Durant's conduct prior to joining the Warriors is disingenuous. Supposedly he had no plans to leave Oklahoma City but just wanted to see what options existed. I don't buy that story. You don't go to the Hamptons to be wined and dined by suitors unless you have a wandering eye. Paul Newman once said that he saw no reason to go out for hamburger when he had steak at home. The whole Hamptons business is even more pathetic when you consider that the Thunder owner and other team personnel crowded into a low budget hotel because all of the other hotels in the region were booked. After spending nearly a decade with the Thunder, Durant could not find room for his colleagues at his sprawling place? Or he could not tell them, "Guys, go back home. I've made my decision"?

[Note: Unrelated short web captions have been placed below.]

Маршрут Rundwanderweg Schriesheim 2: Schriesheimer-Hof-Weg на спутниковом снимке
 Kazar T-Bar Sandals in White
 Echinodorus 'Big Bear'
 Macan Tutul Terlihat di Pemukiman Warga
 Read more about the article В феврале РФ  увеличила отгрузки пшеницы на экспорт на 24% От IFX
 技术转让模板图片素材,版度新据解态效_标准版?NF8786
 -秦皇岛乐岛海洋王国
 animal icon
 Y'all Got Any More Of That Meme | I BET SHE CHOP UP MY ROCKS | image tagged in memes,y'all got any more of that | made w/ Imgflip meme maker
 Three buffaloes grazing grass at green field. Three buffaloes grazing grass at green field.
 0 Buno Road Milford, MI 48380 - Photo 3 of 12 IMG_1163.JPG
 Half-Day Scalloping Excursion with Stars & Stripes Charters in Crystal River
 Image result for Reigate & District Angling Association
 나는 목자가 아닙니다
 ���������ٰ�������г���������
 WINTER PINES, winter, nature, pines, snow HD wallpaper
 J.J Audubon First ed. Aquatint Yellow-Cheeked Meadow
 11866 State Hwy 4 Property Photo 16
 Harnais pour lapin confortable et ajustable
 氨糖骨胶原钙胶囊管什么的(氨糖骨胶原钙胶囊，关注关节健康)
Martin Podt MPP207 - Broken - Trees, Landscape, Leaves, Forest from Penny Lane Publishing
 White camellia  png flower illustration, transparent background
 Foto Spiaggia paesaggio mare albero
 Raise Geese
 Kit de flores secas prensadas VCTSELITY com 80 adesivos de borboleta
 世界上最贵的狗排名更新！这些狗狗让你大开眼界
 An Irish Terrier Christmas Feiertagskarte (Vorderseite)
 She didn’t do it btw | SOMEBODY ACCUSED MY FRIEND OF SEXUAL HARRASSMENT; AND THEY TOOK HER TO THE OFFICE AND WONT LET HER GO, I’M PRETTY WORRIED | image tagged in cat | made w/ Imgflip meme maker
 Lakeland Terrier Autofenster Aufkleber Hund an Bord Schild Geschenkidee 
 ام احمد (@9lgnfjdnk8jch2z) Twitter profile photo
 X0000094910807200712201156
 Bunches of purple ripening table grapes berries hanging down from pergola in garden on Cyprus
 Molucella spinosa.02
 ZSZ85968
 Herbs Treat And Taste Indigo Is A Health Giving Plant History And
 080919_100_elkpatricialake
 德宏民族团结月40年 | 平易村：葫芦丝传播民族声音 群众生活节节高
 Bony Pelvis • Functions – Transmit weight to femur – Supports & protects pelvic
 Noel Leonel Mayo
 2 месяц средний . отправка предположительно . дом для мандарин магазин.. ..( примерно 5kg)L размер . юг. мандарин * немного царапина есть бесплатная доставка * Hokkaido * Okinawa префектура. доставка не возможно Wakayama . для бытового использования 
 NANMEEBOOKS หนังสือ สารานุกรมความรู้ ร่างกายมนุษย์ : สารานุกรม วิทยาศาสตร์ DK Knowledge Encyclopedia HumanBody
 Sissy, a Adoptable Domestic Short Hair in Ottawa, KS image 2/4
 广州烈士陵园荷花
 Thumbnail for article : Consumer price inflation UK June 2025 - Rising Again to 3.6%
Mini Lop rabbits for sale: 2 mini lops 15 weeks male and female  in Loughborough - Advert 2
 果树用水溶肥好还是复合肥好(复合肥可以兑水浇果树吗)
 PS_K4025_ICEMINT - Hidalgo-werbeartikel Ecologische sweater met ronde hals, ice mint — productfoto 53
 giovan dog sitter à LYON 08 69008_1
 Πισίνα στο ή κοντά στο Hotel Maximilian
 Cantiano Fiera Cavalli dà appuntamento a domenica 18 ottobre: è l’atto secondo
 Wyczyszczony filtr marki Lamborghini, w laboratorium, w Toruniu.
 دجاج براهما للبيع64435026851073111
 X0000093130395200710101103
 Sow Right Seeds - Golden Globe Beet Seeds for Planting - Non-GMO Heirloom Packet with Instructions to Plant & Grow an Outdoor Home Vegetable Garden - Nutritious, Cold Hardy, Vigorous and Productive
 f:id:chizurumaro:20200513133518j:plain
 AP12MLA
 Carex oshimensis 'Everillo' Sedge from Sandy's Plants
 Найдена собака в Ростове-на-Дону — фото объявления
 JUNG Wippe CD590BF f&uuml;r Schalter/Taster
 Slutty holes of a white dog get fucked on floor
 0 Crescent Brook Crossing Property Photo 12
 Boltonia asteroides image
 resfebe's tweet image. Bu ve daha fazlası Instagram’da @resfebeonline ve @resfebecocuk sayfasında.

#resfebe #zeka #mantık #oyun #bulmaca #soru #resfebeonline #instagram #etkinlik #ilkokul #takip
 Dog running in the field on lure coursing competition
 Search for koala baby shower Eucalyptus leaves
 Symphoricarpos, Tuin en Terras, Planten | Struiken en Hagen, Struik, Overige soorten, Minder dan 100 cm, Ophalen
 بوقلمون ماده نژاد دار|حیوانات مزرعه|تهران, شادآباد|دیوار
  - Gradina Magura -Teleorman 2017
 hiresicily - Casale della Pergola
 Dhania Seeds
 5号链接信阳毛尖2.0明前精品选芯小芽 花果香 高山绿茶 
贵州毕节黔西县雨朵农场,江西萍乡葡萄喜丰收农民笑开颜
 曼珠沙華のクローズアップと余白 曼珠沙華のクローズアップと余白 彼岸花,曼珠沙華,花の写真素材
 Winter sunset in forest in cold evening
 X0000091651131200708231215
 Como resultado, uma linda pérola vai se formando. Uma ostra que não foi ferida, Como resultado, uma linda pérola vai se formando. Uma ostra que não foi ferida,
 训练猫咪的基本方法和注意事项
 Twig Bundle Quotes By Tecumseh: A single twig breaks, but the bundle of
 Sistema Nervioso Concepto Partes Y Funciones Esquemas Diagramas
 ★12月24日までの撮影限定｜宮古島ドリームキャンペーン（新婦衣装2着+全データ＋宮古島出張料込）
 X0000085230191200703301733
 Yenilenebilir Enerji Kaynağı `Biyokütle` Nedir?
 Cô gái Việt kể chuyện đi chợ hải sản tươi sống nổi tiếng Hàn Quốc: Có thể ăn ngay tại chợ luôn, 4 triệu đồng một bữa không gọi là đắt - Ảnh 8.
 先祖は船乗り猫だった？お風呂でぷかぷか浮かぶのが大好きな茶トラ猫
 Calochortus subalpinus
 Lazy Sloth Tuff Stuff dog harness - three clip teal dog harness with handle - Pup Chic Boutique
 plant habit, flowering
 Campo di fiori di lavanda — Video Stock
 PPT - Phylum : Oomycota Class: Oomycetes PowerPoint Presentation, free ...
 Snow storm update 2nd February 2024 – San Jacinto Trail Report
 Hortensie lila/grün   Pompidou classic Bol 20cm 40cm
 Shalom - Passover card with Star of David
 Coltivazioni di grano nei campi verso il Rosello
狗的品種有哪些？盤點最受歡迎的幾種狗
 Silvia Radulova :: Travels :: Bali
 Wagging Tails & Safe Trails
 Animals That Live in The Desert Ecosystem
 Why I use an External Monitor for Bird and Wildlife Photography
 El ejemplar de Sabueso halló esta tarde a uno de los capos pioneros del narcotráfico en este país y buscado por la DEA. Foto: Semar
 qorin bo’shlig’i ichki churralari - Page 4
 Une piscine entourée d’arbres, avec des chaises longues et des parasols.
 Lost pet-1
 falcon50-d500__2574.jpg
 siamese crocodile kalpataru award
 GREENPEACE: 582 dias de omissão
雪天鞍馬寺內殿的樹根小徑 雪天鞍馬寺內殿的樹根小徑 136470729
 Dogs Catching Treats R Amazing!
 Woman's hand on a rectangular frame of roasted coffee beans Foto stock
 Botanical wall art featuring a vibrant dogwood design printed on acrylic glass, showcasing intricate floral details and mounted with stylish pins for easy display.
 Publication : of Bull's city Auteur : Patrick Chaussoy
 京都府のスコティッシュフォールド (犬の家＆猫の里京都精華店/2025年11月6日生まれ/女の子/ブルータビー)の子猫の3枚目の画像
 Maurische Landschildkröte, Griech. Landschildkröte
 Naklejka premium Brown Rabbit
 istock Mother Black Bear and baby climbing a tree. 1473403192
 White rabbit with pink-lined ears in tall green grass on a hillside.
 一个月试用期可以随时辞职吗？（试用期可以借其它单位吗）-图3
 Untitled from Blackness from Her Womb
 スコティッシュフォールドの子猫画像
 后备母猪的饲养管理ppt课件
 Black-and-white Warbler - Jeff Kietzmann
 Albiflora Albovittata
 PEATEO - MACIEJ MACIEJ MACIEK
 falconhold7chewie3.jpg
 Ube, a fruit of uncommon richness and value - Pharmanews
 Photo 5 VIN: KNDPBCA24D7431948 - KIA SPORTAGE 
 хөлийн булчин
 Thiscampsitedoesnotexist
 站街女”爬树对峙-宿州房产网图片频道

Durant has said before that the grass is not always greener on the other side. He was critical of LeBron James' move from Cleveland to Miami, sending out this tweet after the "Decision": "Now everybody wanna play for the Heat and the Lakers? Let's go back to being competitive and going at these people."
It will be interesting to see how this turns out. The odds are that the Warriors will win at least one championship with this newly assembled super team: they are absolutely stacked with talent, they are well coached and they replaced arguably the weakest link in the starting lineup that won the 2015 championship with a four-time scoring champion/one-time former MVP. However, injuries, chemistry issues or some other unforeseen circumstances could intervene. The Chamberlain-West-Baylor trio never won a title. Philadelphia's "Wonder Five" blew a 2-0 lead in the 1977 NBA Finals and the 76ers had almost completely overhauled their roster by the time they made it back to the Finals in 1980. Shaq-Kobe-Malone-Payton led the Lakers to the 2004 Finals but lost to a younger and more cohesive Detroit team. Each of those super teams had flaws that are clearly evident in retrospect, even if the flaws may have been less obvious in the moment, while the Warriors are young, unselfish and have no obvious flaws other than a lack of size/rim protection--but nothing is promised or guaranteed regarding an 82 game marathon followed by the grueling race to 16 postseason wins.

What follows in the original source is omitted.